To elucidate the Fc-binding interface, we used TX-MS based on hrMS1 and DDA data that we combined with previously determined crystal structures of human IgGs and the partial peptides of M1 (A- and S-domains)  (see Methods). As demonstrated in Fig 2, all IgG subclasses bound to the M1 protein through a specific site in the IgG CH3 domain, which is essential for binding to FcγR receptors. This IgG-binding site has previously been shown to bind to a variety of proteins other than Fc-receptors, including the streptococcal protein G [32,33] and the staphylococcal protein A , both of which are commercially available as tools to capture IgG-molecules via their Fc-domains. Fig 3 shows the binding-site comparison between the M1-IgG1 model and the C2 fragment of the streptococcal protein G on the IgG Fc-domain. Accordingly, both M1 and protein G share the same binding site on the IgG Fc-domain and bind to all IgG subclasses .

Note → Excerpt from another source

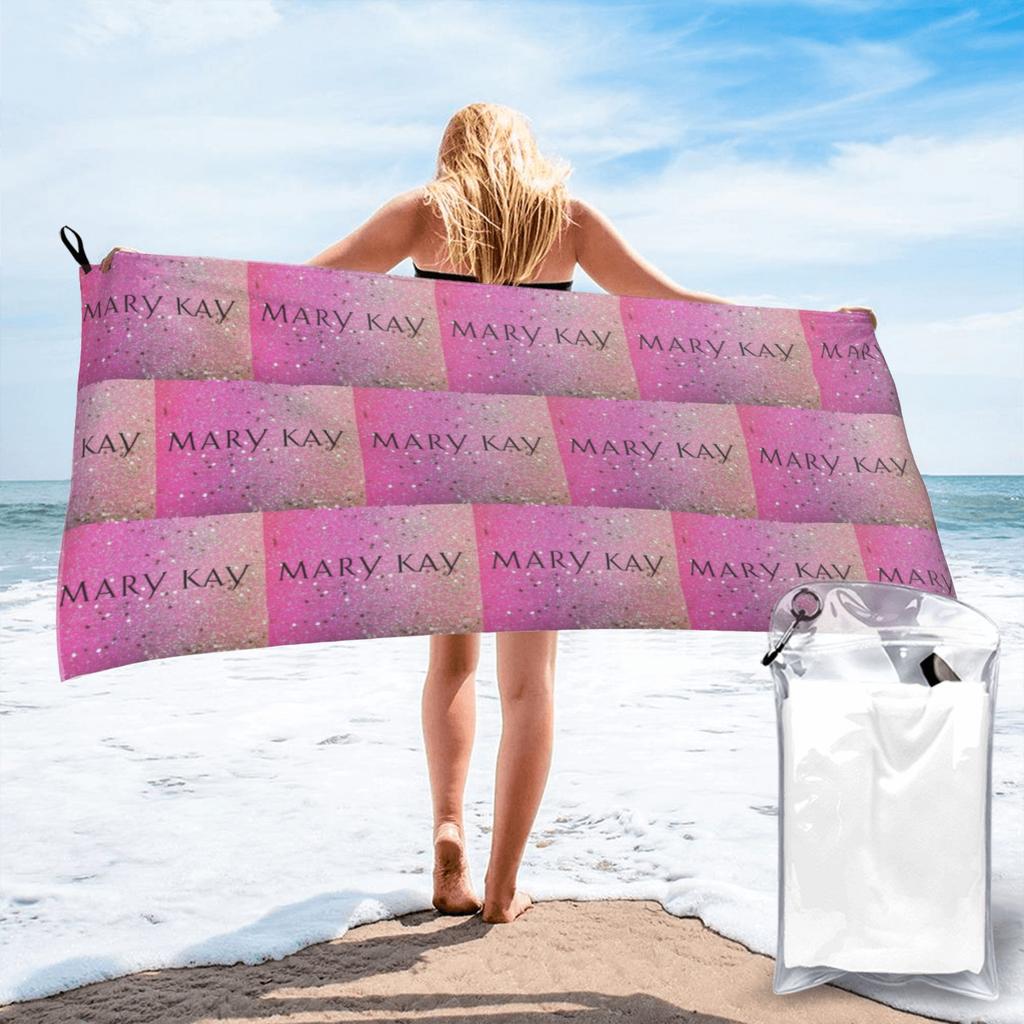 Mary Kay Ručník na pláž Měkké mikrovlákno Rychleschnoucí Absorpční Rychlé ručníky na jógu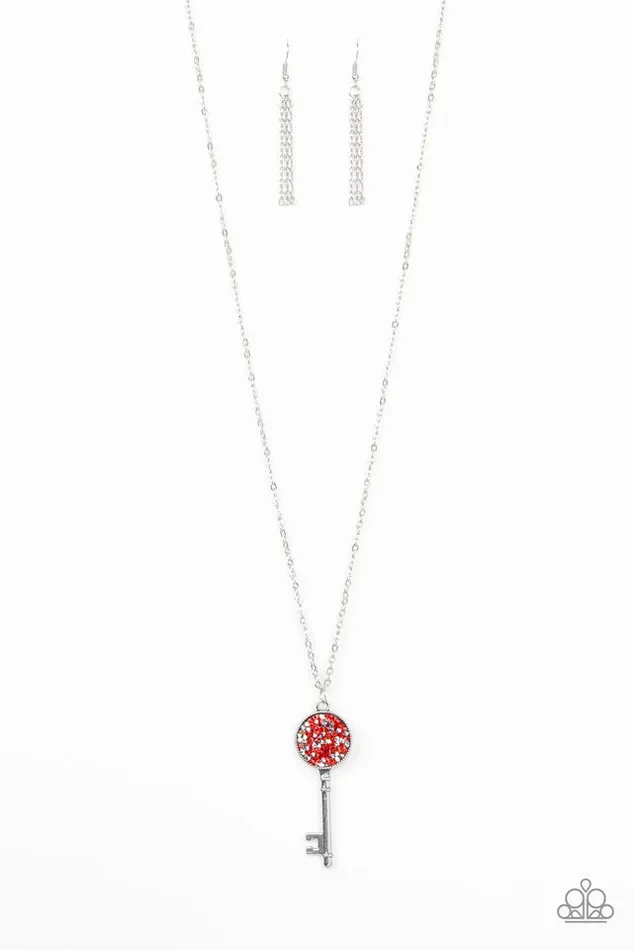 Necklaces Paparazzi Jewelry Paparazzi Necklace Key Keepsake Red Necklaces Paparazzi Jewelry Paparazzi Necklace Key Keepsake Red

(a) The model for M1 (A- and S-domains)-IgG1 full length non-immune Fc-mediated interaction. Important domains of the M1 protein are shown, where A- and S-domains play a crucial role. The molecular details of the Fc-binding site are shown in panel (b) where inter- and intra-XLs are mapped on the protein complex. (b-e) The S-domain of the M1-protein interacts with the Fc-region of IgG1-4. All models are generated by the TX-MS workflow based on cross-link constraints derived from MS data. Intra-XLs for each IgG are shown in cyan, while inter-XLs between the two proteins are in blue. The binding interfaces of the M1 protein on the Fc-domain of all IgG subclasses are similar and mediated via the CH3 domains. This region is involved in binding to IgG Fc-receptors (FcγR), predicted to be inhibited by the M1 protein interaction.
(a-b) Protein G (PDB ID: 1FCC) is shown in red with its binding interface on IgG1 in dark blue. The M1 protein is shown in magenta and dark grey with its binding interface on IgG in light blue. Both proteins share the same binding site on IgGs in CH3 domains and close to CH2.
We have additionally made a high-resolution model for the full-length IgG1 interaction with the M1 protein. The model, shown in Fig 2, interestingly supports Fab-mediated binding as well, either facilitated by the Fc-binding positioning the Fab-domain in close proximity to the M1 protein leading to the formation of an XL, or by specific, Fab-mediated immune binding. The latter binding mode is supported by our previous findings, according to which pooled normal human plasma contains M protein-specific IgG antibodies . Here, we hence extend our earlier results to include the identification of the most common regions of the M1 proteins that are engaged in Fab-mediated binding. In addition to the XLs supporting Fc-mediated binding, which is mostly converged to the A- and C1-domains of M1, the immune Fab-interaction is detected on the A- and C1-domains of the M1 protein based on the TX-MS data (Fig 4).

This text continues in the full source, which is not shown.